Electricité : RTE en Camargue ou comment décarboner sans balafrer
OPINION. L’implantation par RTE d’une nouvelle ligne électrique aérienne de 400. 000 volts aux portes de la Camargue entre Jonquière-Saint Vincent et Fos-sur-Mer se heurte aux résistances locales en raison de l’impact des travaux. L’entreprise planche sur huit scénarios. Par Didier Julienne, Président de Commodities & Resources (*).
Entre les départements du Gard et des Bouches-du-Rhône, l’entreprise RTE (Réseau de transport d’électricité) est accusée de menacer d’une immense balafre la Camargue, d’abîmer ou de détruire des écosystèmes arboricoles, viticoles, de maraîchages et de faire fuir les touristes. Comment ? Par l’implantation d’une nouvelle ligne électrique aérienne de 400. 000 volts aux portes de la Camargue entre Jonquière-Saint Vincent et Fos-sur-Mer.

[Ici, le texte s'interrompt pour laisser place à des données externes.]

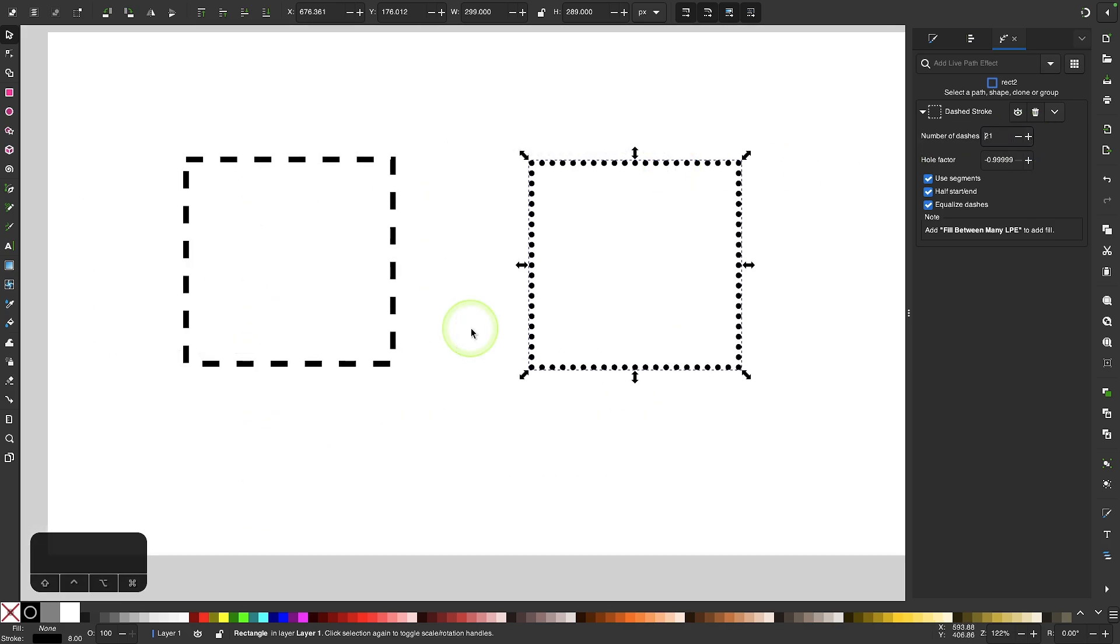So both of these methods will work to help you create dashed and dotted lines in Inkscape. It's just that the path effects option is better because it gives you more control over the outcome. And that should do it for this tutorial.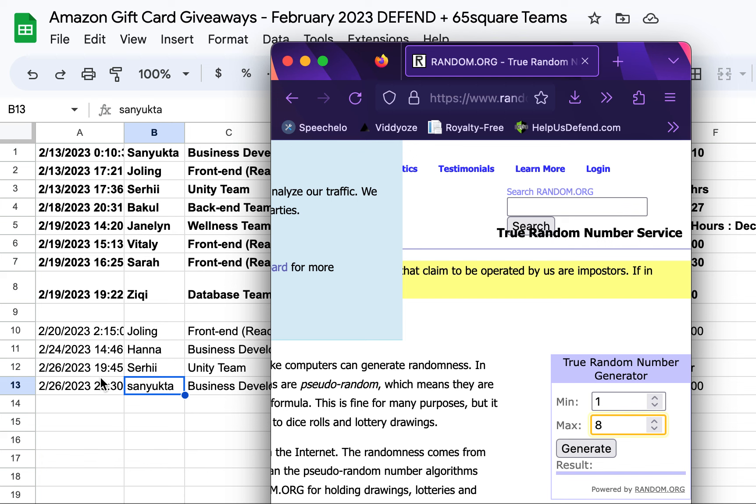All you've got to do is get on our website, helpusdefend.com. And tell us why you want to volunteer, why you want to get involved. Tell us a little bit about some of your skills. Send us your resume, etc. And then we will possibly set up an interview.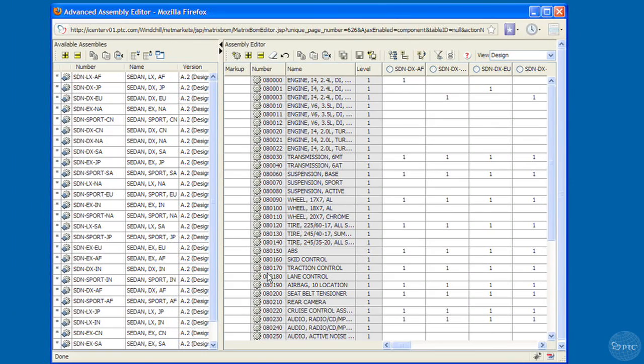The problem with spreadsheets is who has the right version, what changes did you actually make to that spreadsheet, and then once you've done that, you still have to go to PDM-Link and make all these changes individually.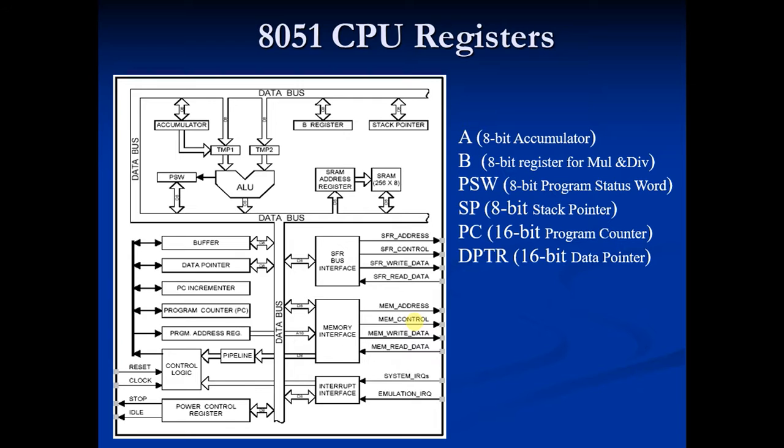Now when 8051 is initialized, PC always starts with 0000H and is incremented each time an instruction is executed.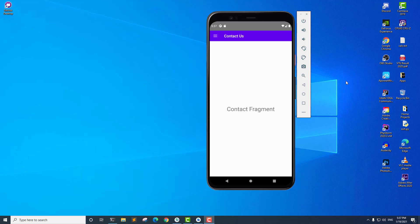Hey everyone, this is Vikas from Ismail Academy and welcome to another video on Android app development with Kotlin. In the previous video we talked about navigation drawer — we implemented a simple navigation drawer. In the coming videos we're going to talk about navigation drawer with fragments. So in this video we are going to implement fragments in our navigation drawer using Kotlin.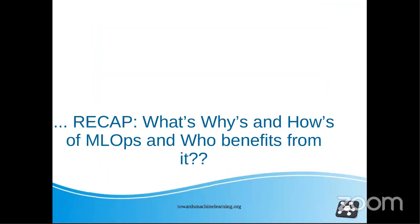Let's do a quick recap of what we had done last time. We had understood what MLOps actually is, and discussed why we need MLOps. To know why we need it, we discussed what challenges a machine learning end-to-end lifecycle faces, which is why there was a need for something like MLOps. So let's do a quick recap.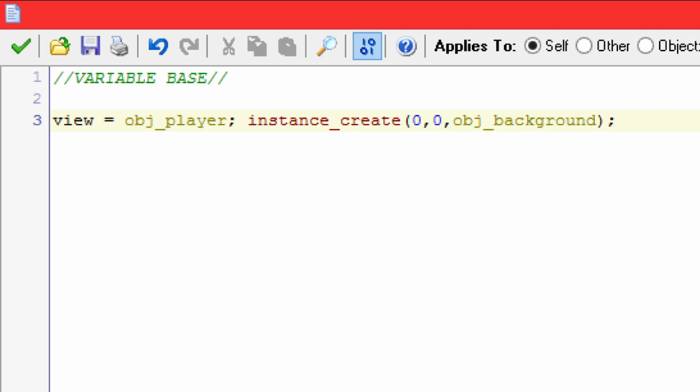So in the camera object, in your camera object's create event, it's gonna have a create event and a step event. That's it, it's actually really simple. Your room is going to be set, or the view in your room is going to be set to follow the camera object.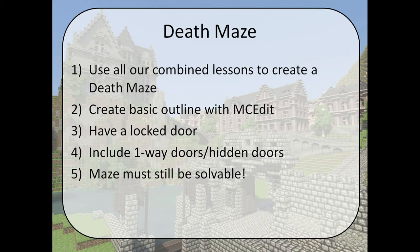Hi guys, and welcome to Davis Code Camp's last Minecraft lesson. Today, we'll be creating a death maze.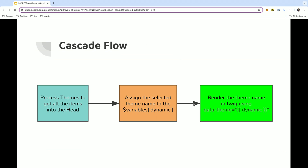So, again, here is the flow. We have our process of theme, get it into our variable, then we render it on the page, which will then tell your selectors, hey, use this block of selectors.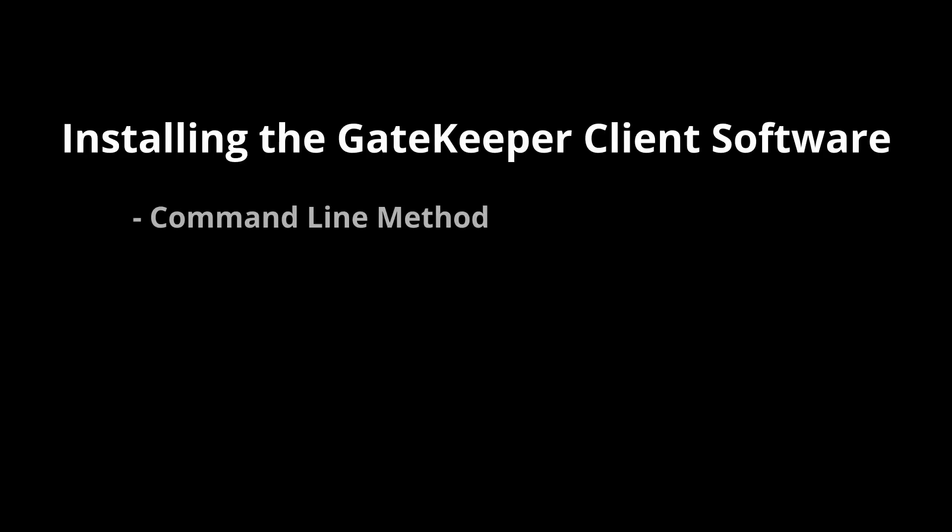How to install the Gatekeeper Client software using a command line. This is useful for installing the Gatekeeper Client software on many computers very quickly.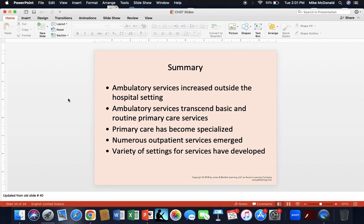In conclusion, key takeaways for your writing assignments: ambulatory services are increasing outside of the hospital setting; ambulatory services transcend basic and routine primary care; primary care has become increasingly specialized; and numerous outpatient services and settings are emerging and will likely continue to develop. That's all for this chapter — I hope it helped facilitate your learning and will support your future writing assignments.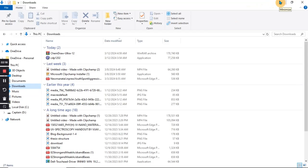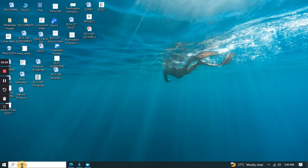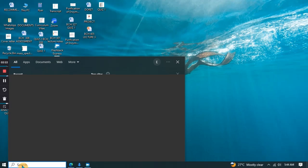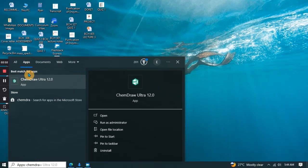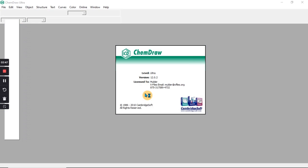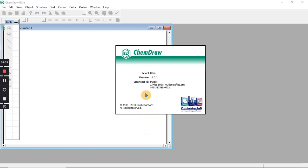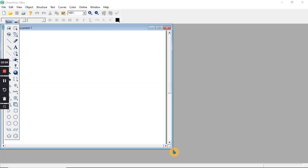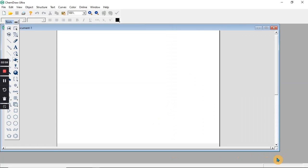When you are done with the installation process, come to the start menu, then search for ChemDraw. It comes up as ChemDraw or ChemDraw 4.0 app. Click on that to open the software. This screen appears after the installation of ChemDraw on your laptop. Let's go to the features of ChemDraw and see how we can use it to draw chemical structures.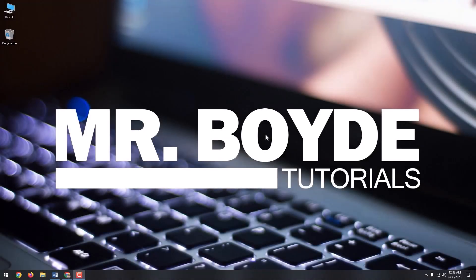Hi there, this is Mr. Boyd. Today, we are going to talk about how to enable the ultimate performance power plan and unleash additional performance to your PC.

RTE est un paradoxe, l’entreprise est remerciée d’apporter l’énergie décarbonée, l’électricité, et de réparer les lignes électriques après des tempêtes, réparations que des agents paient parfois de leur vie. Personne dans le Gard ou les Bouches-du-Rhône n’est opposé à la modernisation et à l’augmentation du flux électrique, parce qu’il est essentiel pour l’industrie post-pétrole de Fos-sur-Mer : Exxon y a mis en vente sa raffinerie le 11 avril dernier.
« Surtout pas chez moi »
Mais le paradoxe est que RTE est le mètre étalon de l’effet « surtout pas chez moi ». L’entreprise est combattue lorsqu’elle modernise son réseau parce que les gigantesques mats de ses lignes aériennes impactent durement et durablement les paysages. Entre Jonquière-Saint Vincent et Fos-sur-Mer, le parcours de la ligne aérienne de 400 kV pose de graves problèmes. Le décideur doit choisir entre huit routes, et il a une tentation.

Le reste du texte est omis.